Wood: And then I wonder how much can we reasonably expect — I guess from both ourselves and our kids, right? — like a lot of this technology is very new. Even we adults don’t have a very big immunity to systems that are really designed to grab our attention and hold it. And I wonder, like, how it’s even possible for us to have a reasonable conversation with our kids about it too? Like, our kids are just reflecting our behavior.

Moreno: I think the fact that kids are reflecting our behavior is a huge take-home, because I think in this era of technology and so much of the technology use many of us have during the day is not very mindful. You know, you’re waiting that extra 10 minutes for a dentist appointment or the bus and you just automatically pull out your phone. It’s not a conscious decision. So I think that for parents having those conversations with their kids, but also being very aware of how your role-modeling. If there’s 10 minutes that you’re waiting for the stove to heat up, what are you doing? Are you just automatically grabbing your phone? And if you are, it’s kind of harder for you to have legitimacy when you tell your kid not to do that.

Wood: Yes! I know!

Moreno: That’s the hard part.

Wood: Yeah, it is. Do you have any favorite apps? Like, do you block or monitor? Do you think that that’s helpful? Or is it just like teaching all of us to be smarter?

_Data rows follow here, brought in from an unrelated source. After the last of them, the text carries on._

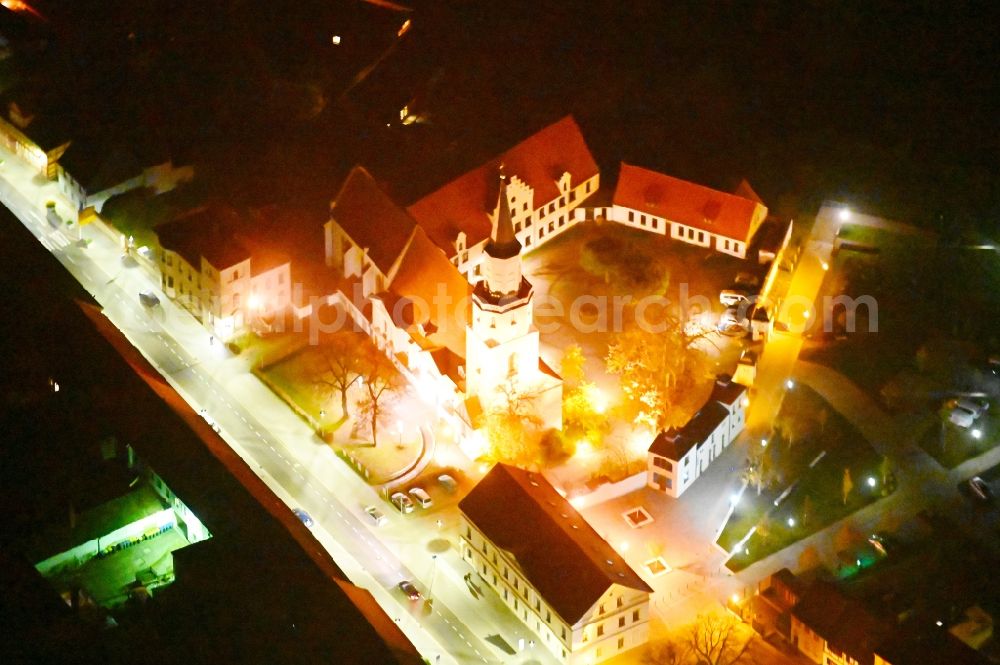 Aerial photograph at night Coswig (Anhalt) - Night lighting museum building ensemble Klosterhof in Coswig (Anhalt) in the state Saxony-Anhalt, Germany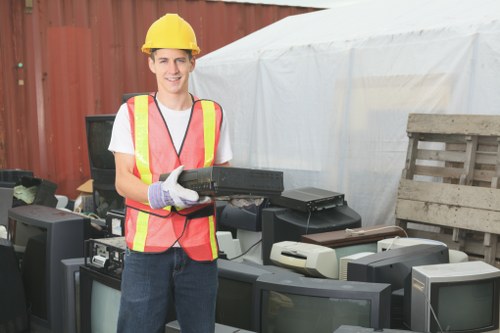A young man wearing a yellow helmet, white T-shirt, and high-visibility safety vest holding a black electronic device while standing outdoors in front of a collection of discarded old televisions and monitors. The background features a red fence and a white tarp or tent, suggesting an outdoor waste collection or rubbish clearance scenario. The scene indicates a focus on electronic waste removal, with the individual appearing to be a worker or volunteer engaged in rubbish clearance activities, relevant to services offered by Garden Clearance London within the London area, possibly near the postcode inferred from the webpage. The environment is well-lit, with a casual atmosphere typical of a waste disposal or rubbish removal site, emphasizing the handling of bulky or electronic waste to support rubbish clearance services in the London region.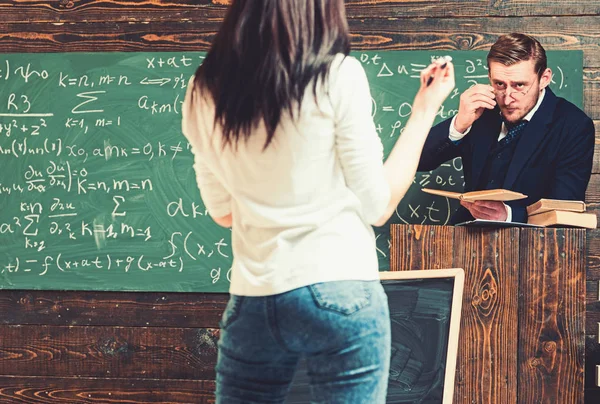 Vrid tillbaka brunett tjej framför professor. Strikt lärare tittar på hans kvinnlig student stående på talarstol — Stockfoto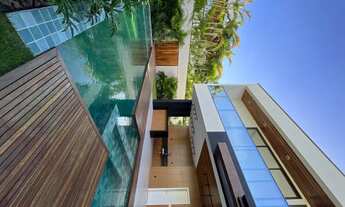 Imagem 5: Casa para venda com 319 metros quadrados com 4 suítes na Cidade Alpha - Ceará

Moreno: I don’t block or monitor, but I am a big fan of getting the phone out of your immediate reach and sort of prompting yourself to use those 10 minutes here or there in other ways. So I found that if, you know, one thing that’s worked well for me is when I get home at the end of the day, the phone goes in a drawer. And then it’s just out of sight and out of mind, and I’m not thinking about it, and I know where it is, but it’s going to take some work to get to it. So I think that’s the other piece is what works for one person may not work for another, so we’re all in this process of learning what’s going to work for us. And I do think, just to come back to where we started with the AAP’s family media use plan, that it’s really designed to help people be able to take suggestions of rules and try them out and see if they’re working for your family. And if they’re not, then try something else, because we’re all kind of reinventing the same wheel.